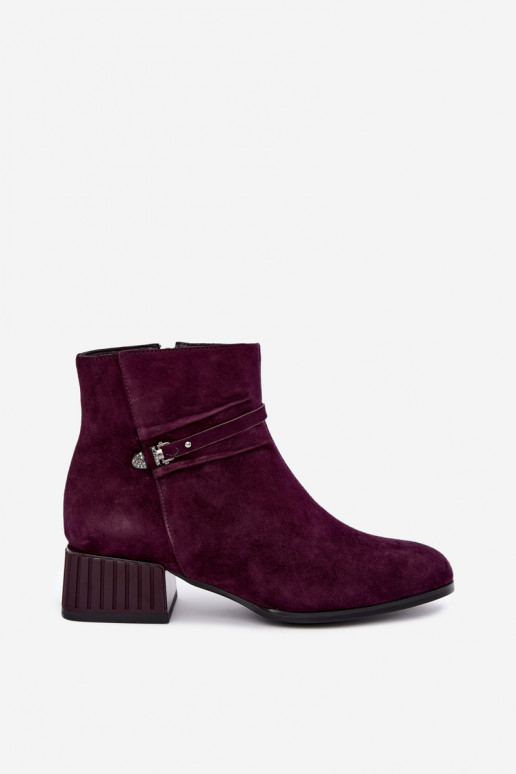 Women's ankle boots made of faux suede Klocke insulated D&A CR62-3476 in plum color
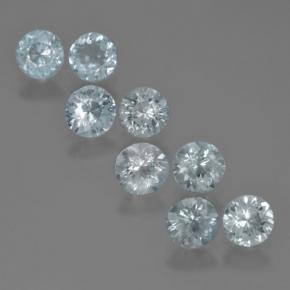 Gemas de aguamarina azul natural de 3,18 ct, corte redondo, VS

==

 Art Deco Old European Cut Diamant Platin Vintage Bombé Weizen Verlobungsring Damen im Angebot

* * *

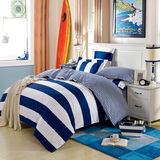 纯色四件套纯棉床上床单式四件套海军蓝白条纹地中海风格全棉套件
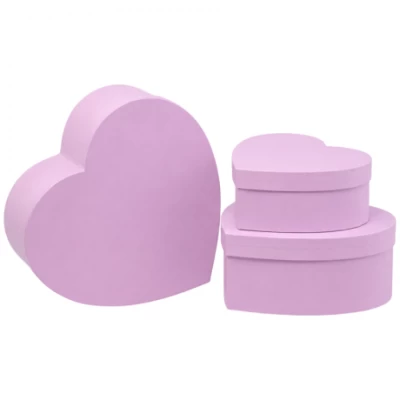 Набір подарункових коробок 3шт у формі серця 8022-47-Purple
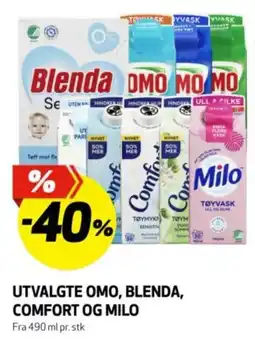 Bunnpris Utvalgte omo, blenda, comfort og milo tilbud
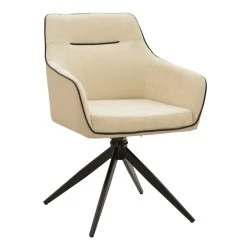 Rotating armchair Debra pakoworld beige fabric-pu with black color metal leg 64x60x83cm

• [WHAT THIS TASK INVOLVES]: Exact copy, no pictures. Write out the lines in the entries above, starting with the line with "Women's ankle boots" and going on through the line with "Gemas de aguamarina", keeping both.

• [SOLUTION TO THE EXERCISE]:
 Women's ankle boots made of faux suede Klocke insulated D&A CR62-3476 in plum color
 Gemas de aguamarina azul natural de 3,18 ct, corte redondo, VS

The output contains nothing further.